Physical chemists reconcile the empirical theory of classical
thermodynamics
with the quantum nature of matter and energy when they recover thermodynamics
from a statistical mechanical treatment of the individual particles’
quantized eigenspectrum. The conclusion is that, when systems are
very large collections of particles, interactions between adjacent
systems are comparatively negligible, resulting in an additive thermodynamic
framework where the energy of a composite system AB may be expressed as the sum of the individual energies of subsystems A and B. This powerful theory is consistent
with quantum theory, and it accurately describes the macroscopic properties
of sufficiently large systems subject to comparatively short-ranged
interactions. Nevertheless, classical thermodynamics has its limitations.
Its main drawback is the theory’s failure to accurately describe
systems not sufficiently large for the aforementioned interaction
to be neglected. This shortcoming was addressed by the celebrated
chemist Terrell L. Hill in the 1960s when he generalized classical
thermodynamics by adding a phenomenological energy term to describe
systems not captured by the additivity ansatz (i.e., AB ≠ A + B) of classical thermodynamics.

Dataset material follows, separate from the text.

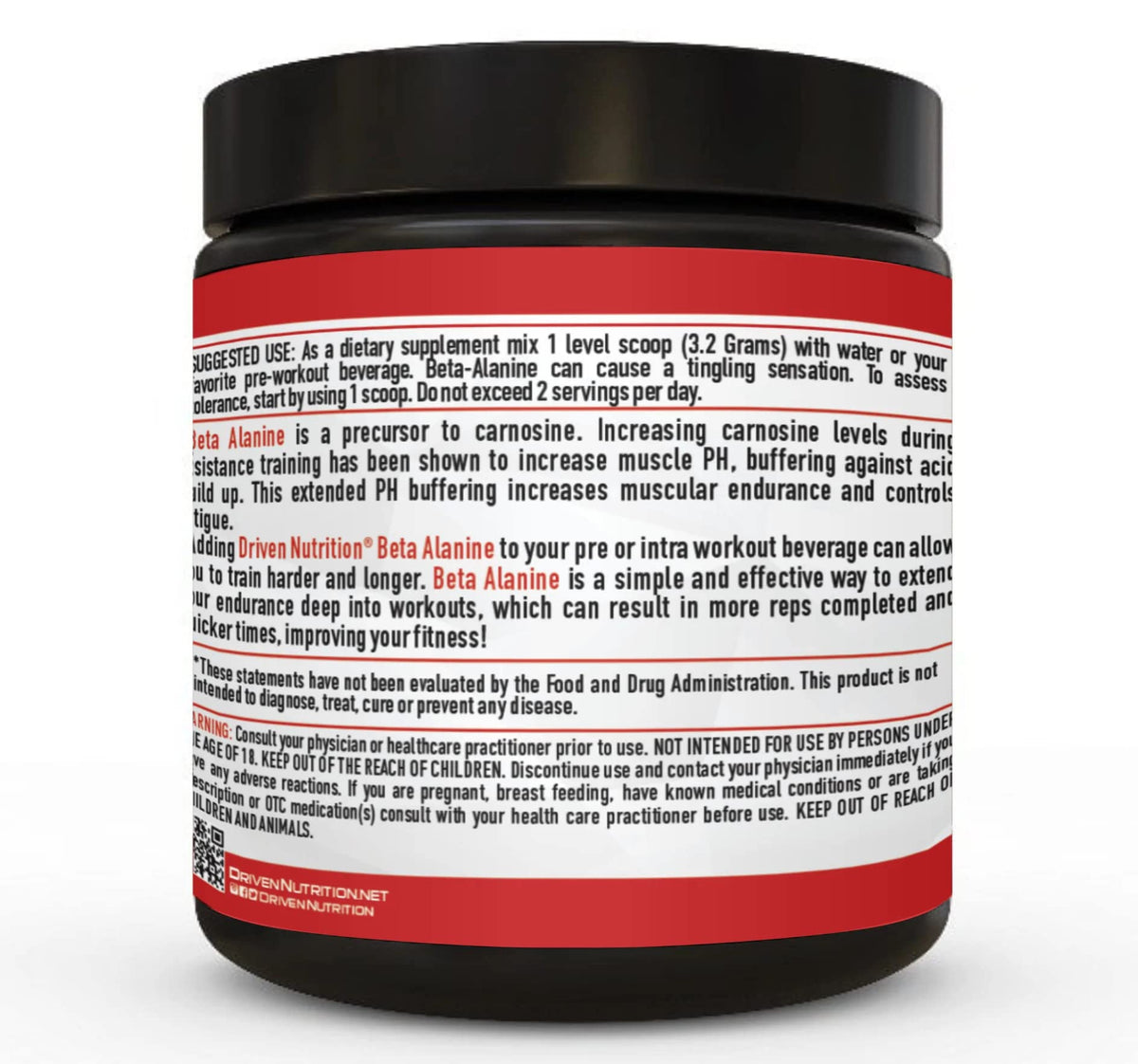 Driven Nutrition Beta Alanine, Unflavored - Preworkout Carnosine Booster for Physical Endurance, Reduce Lactic Acid & Muscle Fatigue, Support Workout Capacity for Weightlifting & High Intensity Cardio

Despite its elegance and success, Hill’s generalization mostly
remained a specialist tool rather than becoming part of the standard
chemical thermodynamics corpus. A probable reason is that, in contrast
to the classical large-system case, Hill’s small-system framework
does not reconcile with a thermostatistical treatment of quantum mechanical
eigenenergies. In this work we show that, by introducing a temperature-dependent
perturbation in the particles’ energy spectrum, Hill’s
generalized framework is in fact recovered with a simple thermostatistical
analysis accessible to physical chemists.